Dataset records
____

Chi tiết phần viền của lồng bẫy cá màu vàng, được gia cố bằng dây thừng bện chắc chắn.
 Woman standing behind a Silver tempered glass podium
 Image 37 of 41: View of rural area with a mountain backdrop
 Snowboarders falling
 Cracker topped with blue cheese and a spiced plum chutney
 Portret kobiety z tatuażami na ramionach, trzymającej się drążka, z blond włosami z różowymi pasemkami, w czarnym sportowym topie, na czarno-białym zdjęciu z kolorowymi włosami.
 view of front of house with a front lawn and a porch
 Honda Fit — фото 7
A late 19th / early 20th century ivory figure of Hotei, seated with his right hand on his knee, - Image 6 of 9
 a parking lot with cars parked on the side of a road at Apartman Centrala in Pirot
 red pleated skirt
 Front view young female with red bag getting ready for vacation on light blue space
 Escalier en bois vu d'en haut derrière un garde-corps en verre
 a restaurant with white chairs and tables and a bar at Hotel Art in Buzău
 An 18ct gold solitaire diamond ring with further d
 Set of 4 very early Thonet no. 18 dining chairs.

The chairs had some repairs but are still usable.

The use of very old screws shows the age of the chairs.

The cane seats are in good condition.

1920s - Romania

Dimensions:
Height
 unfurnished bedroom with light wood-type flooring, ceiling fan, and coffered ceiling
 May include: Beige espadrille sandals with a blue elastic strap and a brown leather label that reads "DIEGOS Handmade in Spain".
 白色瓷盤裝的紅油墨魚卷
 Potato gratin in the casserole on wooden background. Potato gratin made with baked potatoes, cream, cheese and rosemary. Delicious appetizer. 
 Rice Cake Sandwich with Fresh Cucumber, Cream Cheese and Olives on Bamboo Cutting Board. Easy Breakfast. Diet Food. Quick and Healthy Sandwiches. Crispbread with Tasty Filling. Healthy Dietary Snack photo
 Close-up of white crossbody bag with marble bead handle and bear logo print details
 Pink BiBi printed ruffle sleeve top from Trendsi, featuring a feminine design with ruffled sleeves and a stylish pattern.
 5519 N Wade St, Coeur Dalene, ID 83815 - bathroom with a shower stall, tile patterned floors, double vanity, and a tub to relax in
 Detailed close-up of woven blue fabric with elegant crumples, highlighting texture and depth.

____

* DESCRIPTION OF THE TASK *
Look back at the entries above and repeat, unchanged, every line from the line holding "red pleated skirt" through the line holding "An 18ct gold".

* RESULT FOR THIS TASK *
 red pleated skirt
 Front view young female with red bag getting ready for vacation on light blue space
 Escalier en bois vu d'en haut derrière un garde-corps en verre
 a restaurant with white chairs and tables and a bar at Hotel Art in Buzău
 An 18ct gold solitaire diamond ring with further d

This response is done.